Il n’en demeure pas moins que les actions menées par la Résistance islamique en Irak, qui a revendiqué 150 frappes sur des bases américaines depuis le 7 octobre, plongent les autorités irakiennes dans une situation difficile. «Le gouvernement irakien est pieds et poings liés à Téhéran. Et si l’ensemble des quatre-vingts milices qui composent le Hachd al-Chaabi ont des stratégies et des objectifs différents, elles évoluent toutes au plus près de l’Etat. Pire encore: elles sont l’Etat, il ne peut s’en désolidariser totalement», affirme un spécialiste irakien des questions sécuritaires, sous couvert d’anonymat.

Avant de poursuivre: «L’enquête sur les frappes iraniennes qui ont visé une soi-disant base du Mossad près d’Erbil a été confiée à une personne très proche de l’Iran. Cela en dit long sur ce gouvernement irakien, qui n’a pour seule option que de condamner timidement une violation du territoire national sans même pouvoir envisager une réponse politique.»

Néanmoins, preuve de la tension grandissante dans le pays, les Kataeb Hezbollah, à qui Washington a attribué l’attaque meurtrière du 28 janvier, ont annoncé suspendre jusqu’à nouvel ordre leurs opérations, afin d’éviter «de plonger le gouvernement irakien dans l’embarras», préférant adopter une posture défensive. Pressions iraniennes, irakiennes ou les deux? Difficile de le savoir, tant les groupes de la Résistance islamique en Irak se montrent énigmatiques ces dernières semaines.

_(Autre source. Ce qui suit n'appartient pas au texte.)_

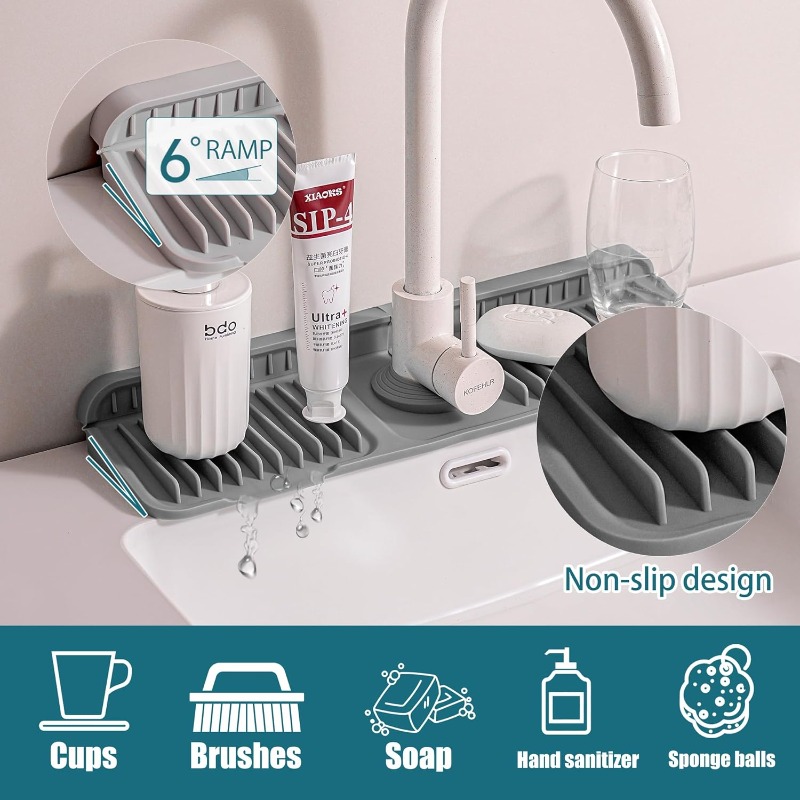 Kitchen Silicone Faucet Splash - Silicone Tap Washer 리뷰 및 가격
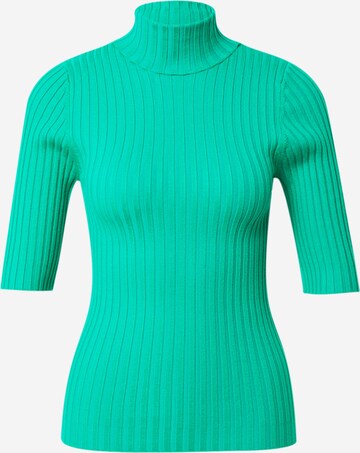 NORR Sweater 'Franco' in Green: front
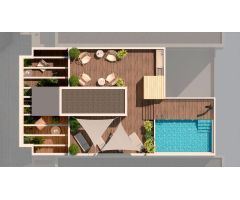 Apartamentos de Obra Nueva a 200 Metros del Mar en Torrevieja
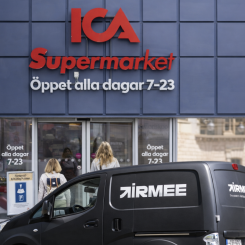 Airmee och ICA i nytt samarbete. Foto: Airmee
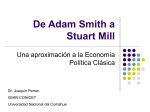 De Adam Smith a Stuart Mill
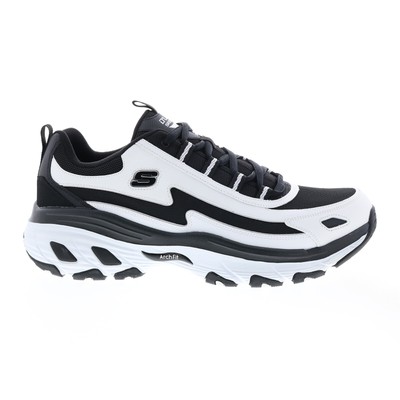 

Skechers DLites 4.0 Arch Fit 237310 Мужские белые кроссовки для образа жизни 9, Белый, Skechers D'Lites 4.0 Arch Fit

L’ombre des Gardiens de la révolution pèse sur l’Irak

Reste que c’est une autre conséquence du 7 octobre: en Irak, c’est la présence et le rôle des Américains qui est remis en question à large échelle. Et si ni les Etats-Unis ni la République islamique d’Iran n’ont pour l’heure intérêt à engager une confrontation directe, la logique d’escalade poursuit inexorablement son œuvre. Tenue par des échéances électorales, sous le feu des critiques pour n’avoir jusqu’alors apporté qu’une réponse modérée aux assauts subis sur les terrains irakien, syrien et jordanien, l’administration Biden se voit contrainte de hausser le ton. Jake Sullivan, conseiller à la sécurité nationale de la Maison-Blanche, n’a d’ailleurs pas mâché ses mots en promettant de nouvelles représailles en Irak et en Syrie, et en n’excluant pas la possibilité «d’une attaque directe contre des cibles situées en Iran».

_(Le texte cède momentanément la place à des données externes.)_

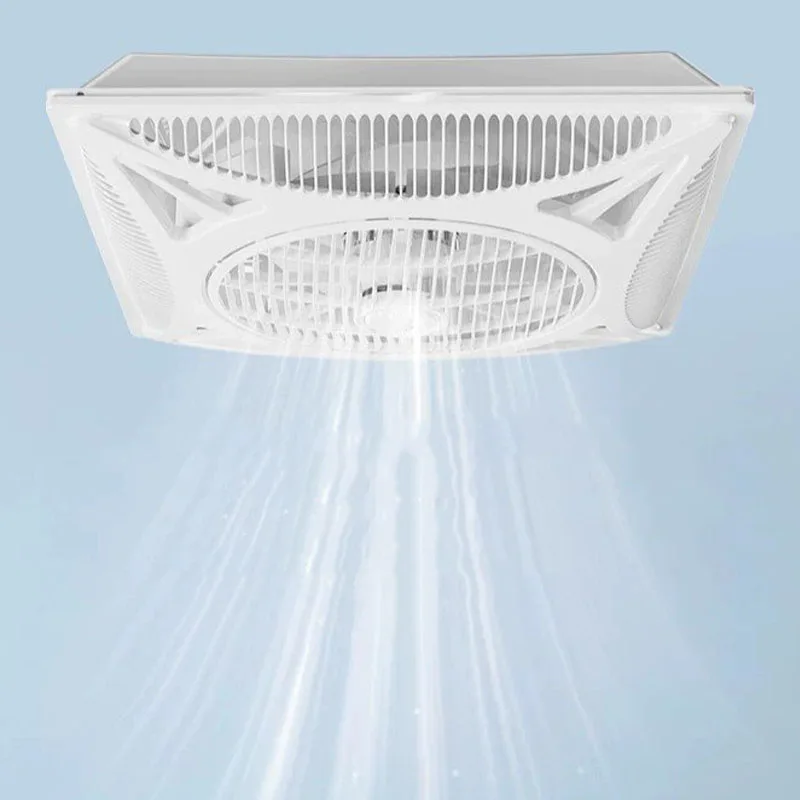 Ceiling Fan Mount - 正方形の埋め込み式天井換気扇、低騒音埋め込み換気扇（吊り天井工事用）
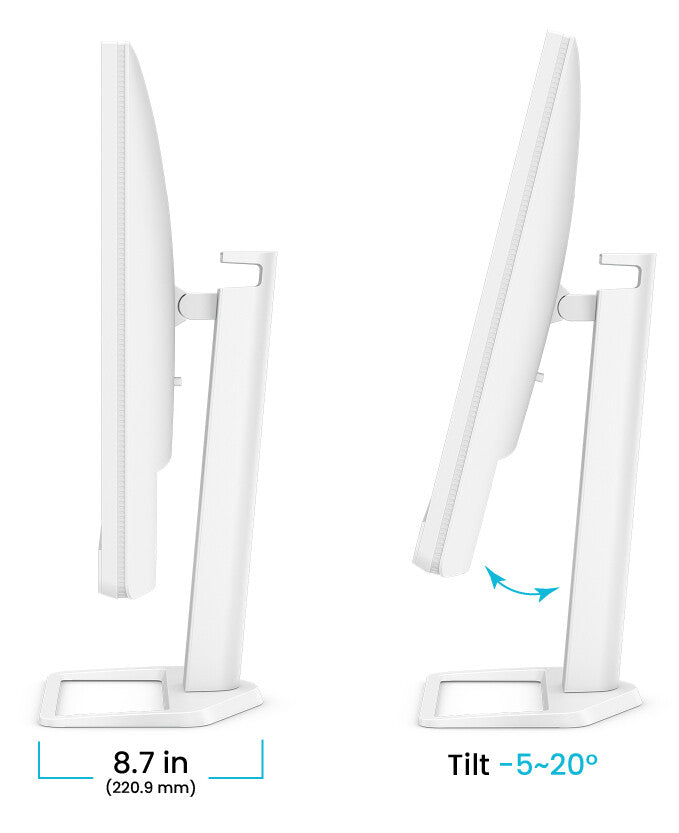 BenQ EW2790U LED display 68,6 cm (27") 3840 x 2160 pixlar 4K Ultra HD Vit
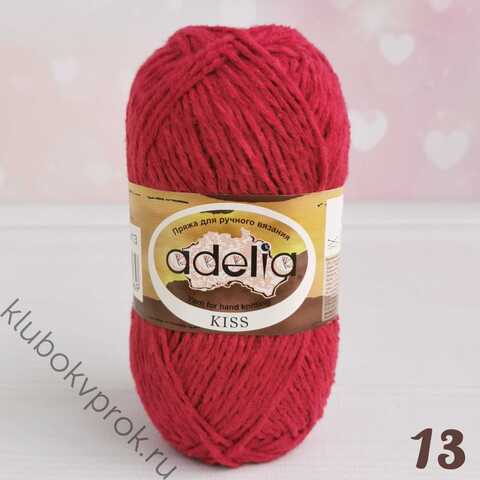 ADELIA KISS 13, Бордовый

Après des années difficiles, Bagdad tente tant bien que mal de se relever d’un enchevêtrement de crises.
Après des années difficiles, Bagdad tente tant bien que mal de se relever d’un enchevêtrement de crises. © Laurent Perpigna Iban / Agence Hans Lucas

«Ce sont de toute évidence les Gardiens de la révolution iraniens qui, via la force Al-Qods, coordonnent ces milices en Irak, mais également en Syrie, où une dynamique semblable est à l’œuvre, avance Hardy Mède. On entre dans une nouvelle phase ou l’axe pro-iranien pourrait s’opposer à toute présence américaine au Moyen-Orient

Alors, l’escalade est-elle inévitable en Irak? «J’ose espérer que non, conclut Ali, depuis Sadr City. Mais nous sommes encore une fois au pied du mur. Plus que jamais, nous devons gagner notre souveraineté et nous débarrasser des forces américaines, iraniennes et turques qui occupent notre pays, sinon la guerre nous rattrapera tôt ou tard.»